EXCERPTED RECORDS:

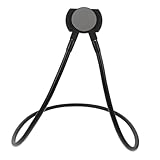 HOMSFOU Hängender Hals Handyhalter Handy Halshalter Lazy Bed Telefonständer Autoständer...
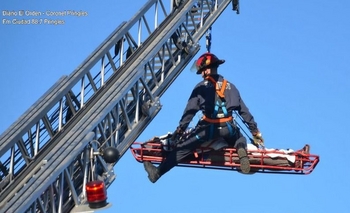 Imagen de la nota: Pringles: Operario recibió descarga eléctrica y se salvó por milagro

---

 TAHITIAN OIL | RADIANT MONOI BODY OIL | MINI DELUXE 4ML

PROBLEM REQUIREMENTS: Could you write out exactly the lines of the data above that run from the one holding "HOMSFOU Hängender Hals" to the one holding "Imagen de la", with both ends in and all pictures out?

SOLUTION TO THE PROBLEM:
 HOMSFOU Hängender Hals Handyhalter Handy Halshalter Lazy Bed Telefonständer Autoständer...
 Imagen de la nota: Pringles: Operario recibió descarga eléctrica y se salvó por milagro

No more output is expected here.